++++ Exercise material

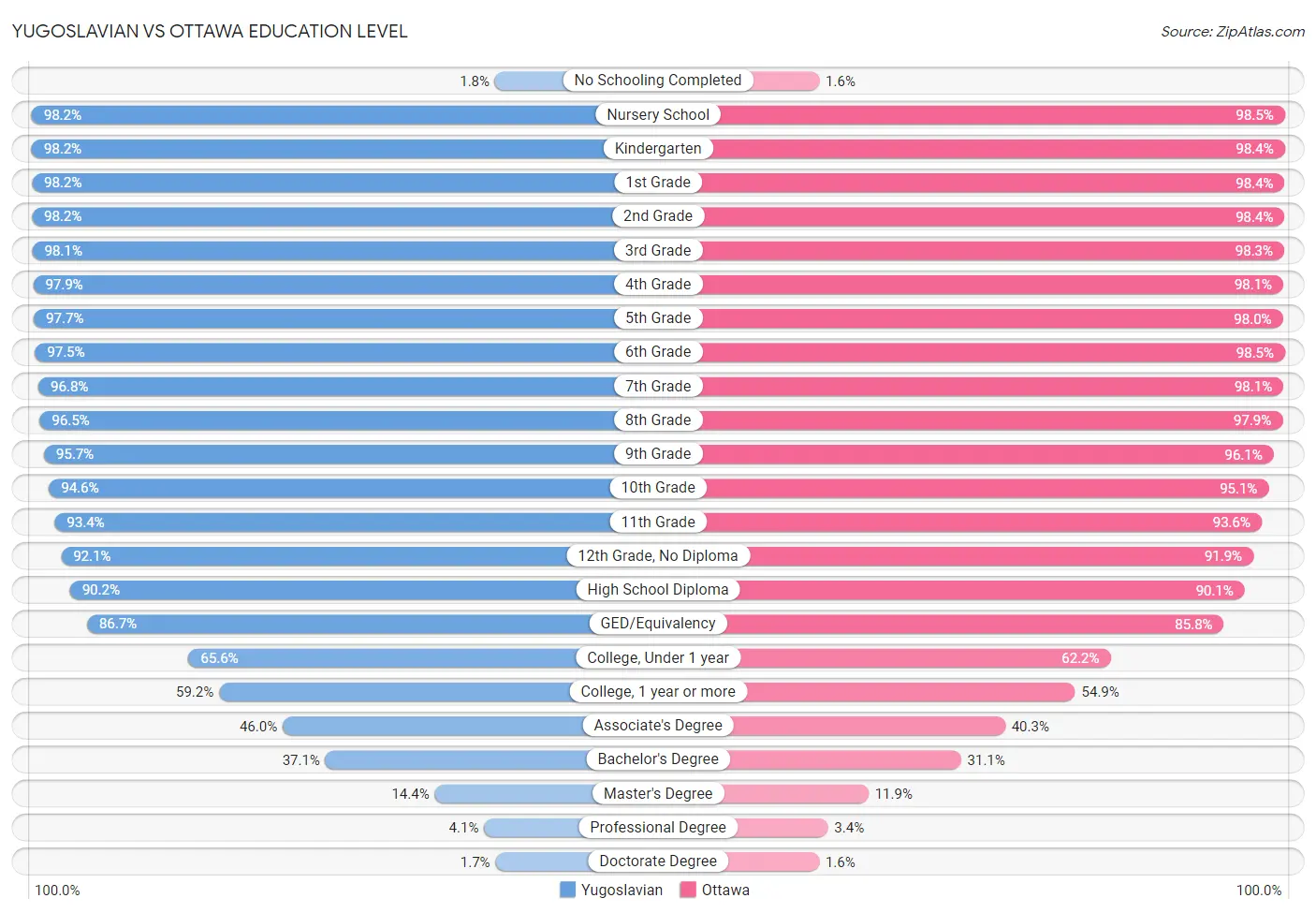 Yugoslavian vs Ottawa Education Level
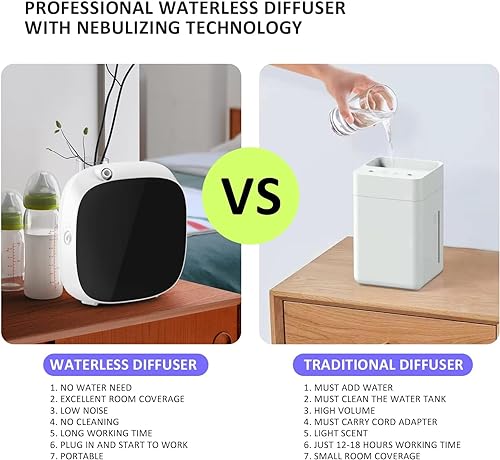 Smart Scent Air Machine for Home, Wall Mounted Cold Air Scent Machine, 100ML Miracle with Waterless Scent Diffuser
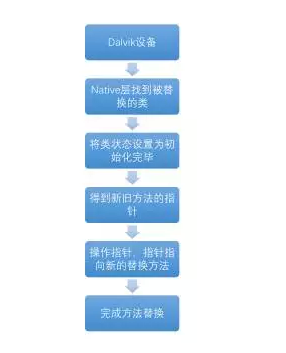 這里寫圖片描述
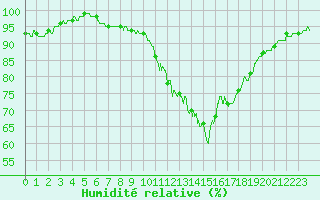 Courbe de l'humidit relative pour Saint-Nazaire (44)
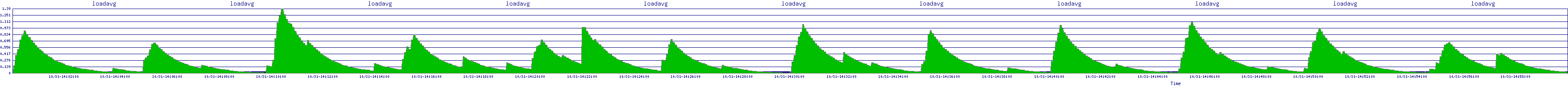 /2025/10/31/14/loadavg.png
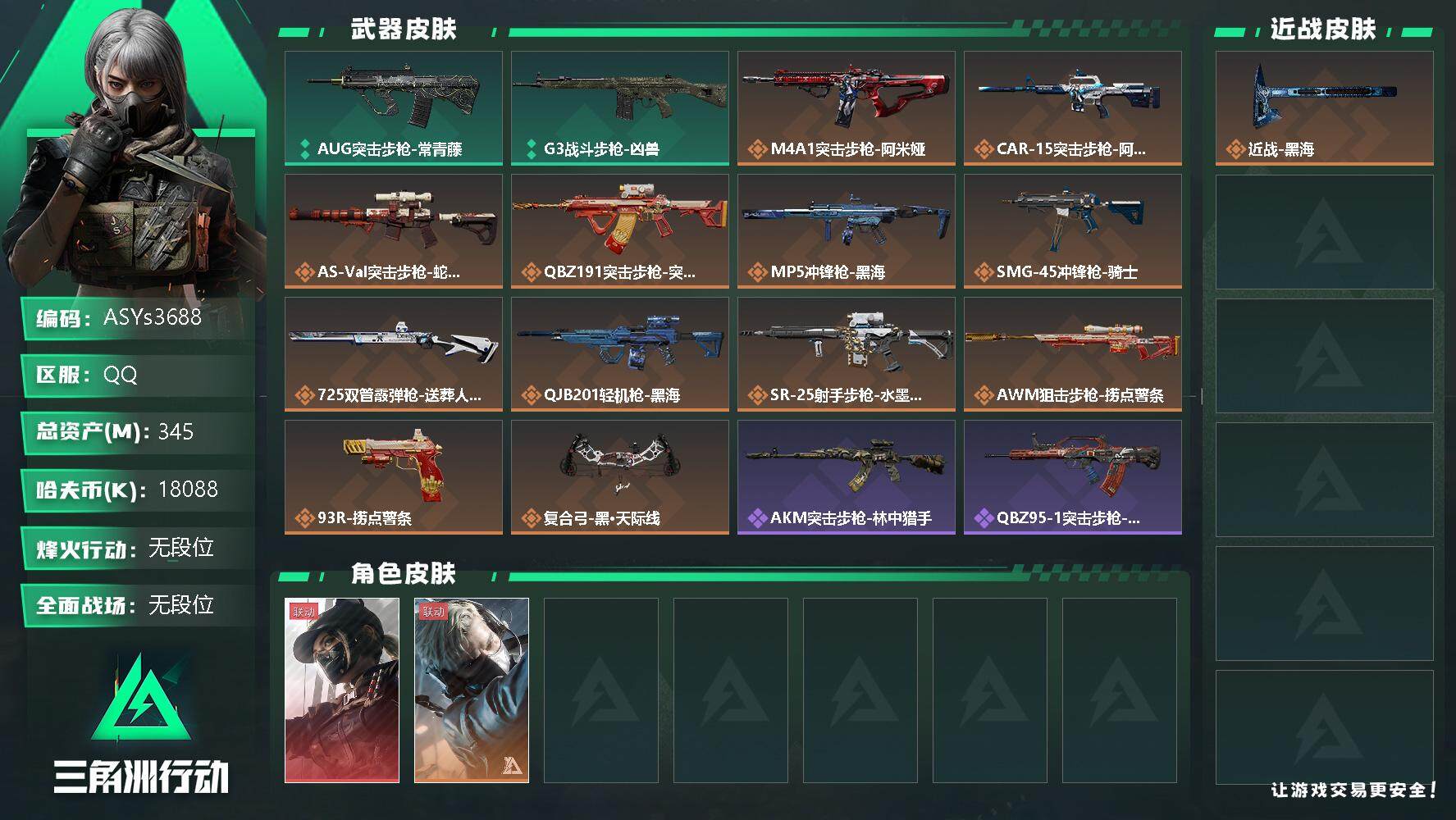 三角洲行动账号QQ【Q区三端互通】【可二次】ASYs3688-特勤处：仓库9级/训练中心7级/靶场3级-总资产345.3M-哈夫币1808W-烽火等级：60级【勾选了部分账号，详细看图，平台认证商家店铺，保证金商家，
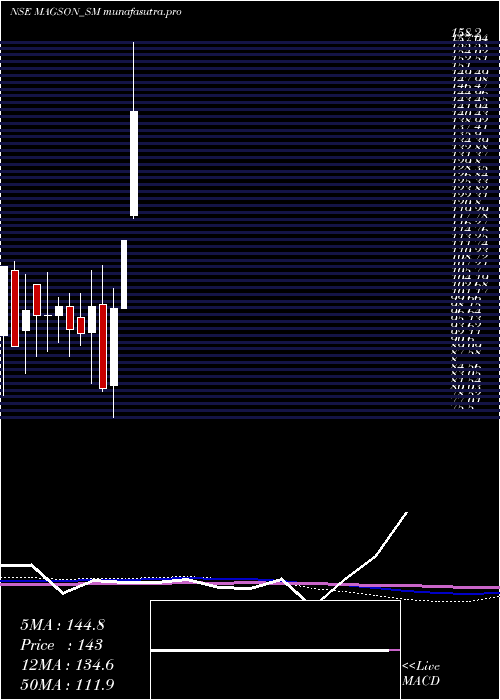 monthly chart MagsonRetail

++++++++

In the copy, include no pictures; otherwise transcribe the entries exactly.

Exercise result >>
 Yugoslavian vs Ottawa Education Level
 Smart Scent Air Machine for Home, Wall Mounted Cold Air Scent Machine, 100ML Miracle with Waterless Scent Diffuser
 這里寫圖片描述
 Courbe de l'humidit relative pour Saint-Nazaire (44)
 /2025/10/31/14/loadavg.png
 三角洲行动账号QQ【Q区三端互通】【可二次】ASYs3688-特勤处：仓库9级/训练中心7级/靶场3级-总资产345.3M-哈夫币1808W-烽火等级：60级【勾选了部分账号，详细看图，平台认证商家店铺，保证金商家，
 monthly chart MagsonRetail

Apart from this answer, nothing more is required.